The Earnest Money Deposit

When a buyer and seller sign a real estate purchase agreement, the buyer will typically make an escrow down payment of one to three percent of the sales price as an "earnest money deposit" (E.M.D.) toward the purchase of the property. The E.M.D. is a good faith gesture from the buyer to the seller that the buyer is serious about entering into the purchase transaction and finalizing the sale.

Because the E.M.D. is usually due to be paid immediately after the buyer and seller have executed the purchase agreement, the parties begin working with an escrow company at the very outset of the real estate transaction. The E.M.D. is held in deposit with the escrow company, and for the average escrow period of 30 to 40 days, the buyer commits to a home inspection while the seller makes all required sel0ler disclosures—e.g. those required by the Real Estate Settlement Procedures Act or R.E.S.P.A.—needed for the parties to finalize and close the transaction. During this time, escrow remains "open" until these tasks are completed.

If the parties encounter a dispute or are otherwise unable to move forward with closing escrow, the purchase agreement may need to be cancelled. Because an escrow company is a neutral third party, and because the parties will have signed escrow instructions allowing the escrow company to safeguard the buyer's funds until the transaction is closed, neither the buyer nor the seller can unilaterally force the escrow company to release the buyer's funds until either the transaction is mutually cancelled or otherwise finalized.

In the event of an irreconcilable dispute, court intervention may be warranted to allow the escrow company to release funds. Sometimes, if the buyer and seller fail to resolve their differences or if they are unable to go to court, the escrow company itself may file an action in court, called an interpleader, to request guidance from a judicial officer on how to properly relinquish escrow funds.

Title Insurance and Other Expenses Paid Through Escrow

Sometimes an escrow agent may also be part of a title company.

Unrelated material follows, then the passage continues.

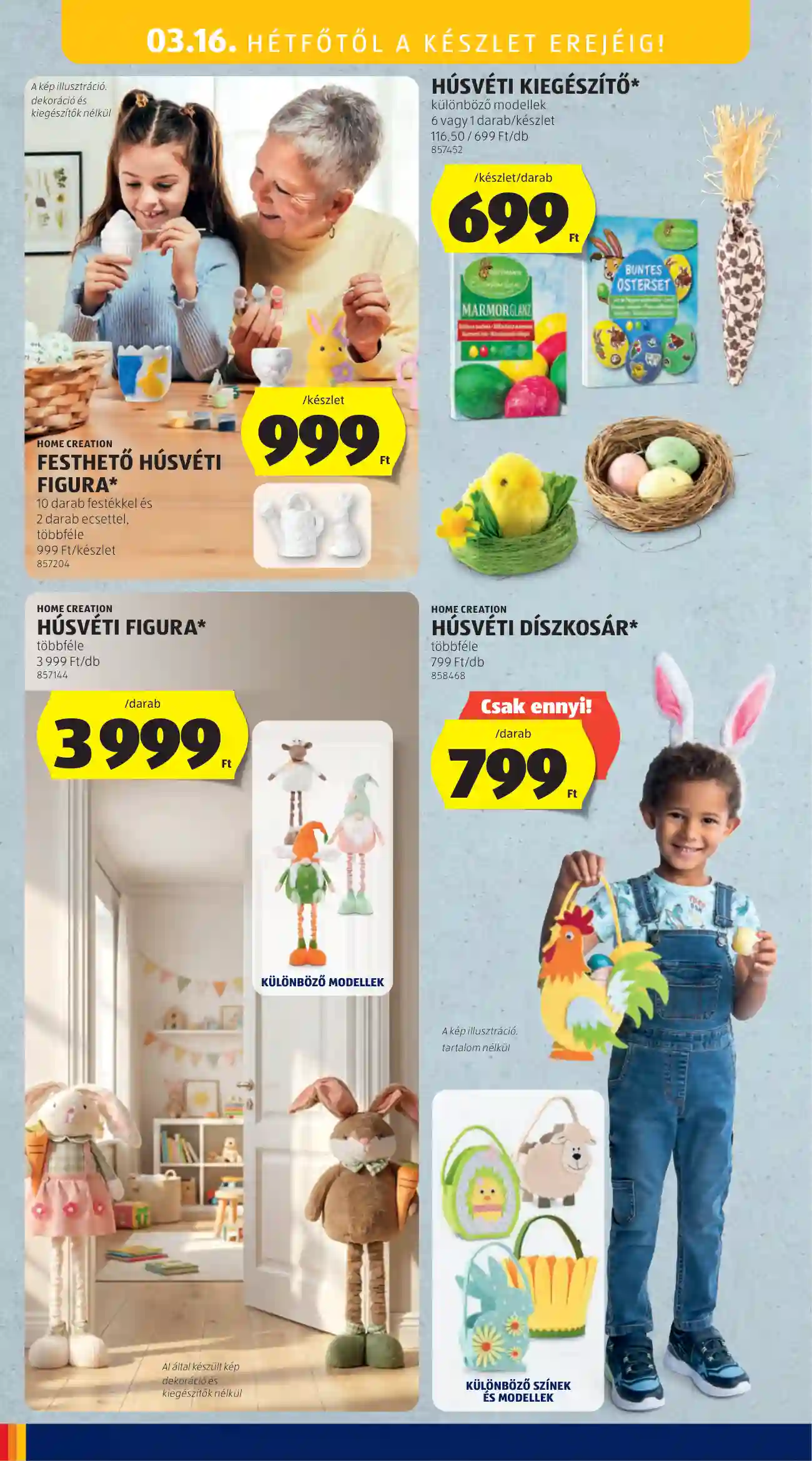 ALDI AKCIÓS ÚJSÁG 11. HÉT  (65 oldal)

One of the most critical elements of a real estate transaction is ensuring that the chain of title for the property is cleared while escrow is open. In other words, the buyer needs to make sure that the seller can pass proper legal title to the buyer, free of liens and defects, to finalize the transaction.

If a fault in title exists, such as one that casts doubt on whether the seller actually has enough rights in the property to be able to give it away as part of the sale, the buyer may suffer substantial damages. Funds in escrow are used, among other things, for the purchase of a title insurance policy (following a title search and title report) to ensure that the buyer's investment is protected in the event the seller improperly transfers title.

Another function of escrow is to create an easily accessible pool of funds from which miscellaneous expenses can be paid. For example, if the buyer discovers that a termite infestation has diminished the value of the home, the seller may agree to issue a credit to the buyer. In this case, the buyer's funds in escrow can be adjusted accordingly prior to the transfer of the money from the neutral escrow account to the seller's bank account at the time of closing. In this manner, use of an escrow company can streamline the disbursement of funds to either party to a transaction, and a settlement statement provided by the escrow holder can help both sides track funds in reference to the home sale.

As demonstrated herein, escrow companies serve important functions that are crucial to most successful real estate transactions. Much like a final walk-through inherent to every new home purchase, using an escrow officer to facilitate the home buying process might likewise be one of the best decisions you ever made. If you are still unsure about the escrow process, consulting with a real estate attorney may be warranted especially if you are first-time homebuyer.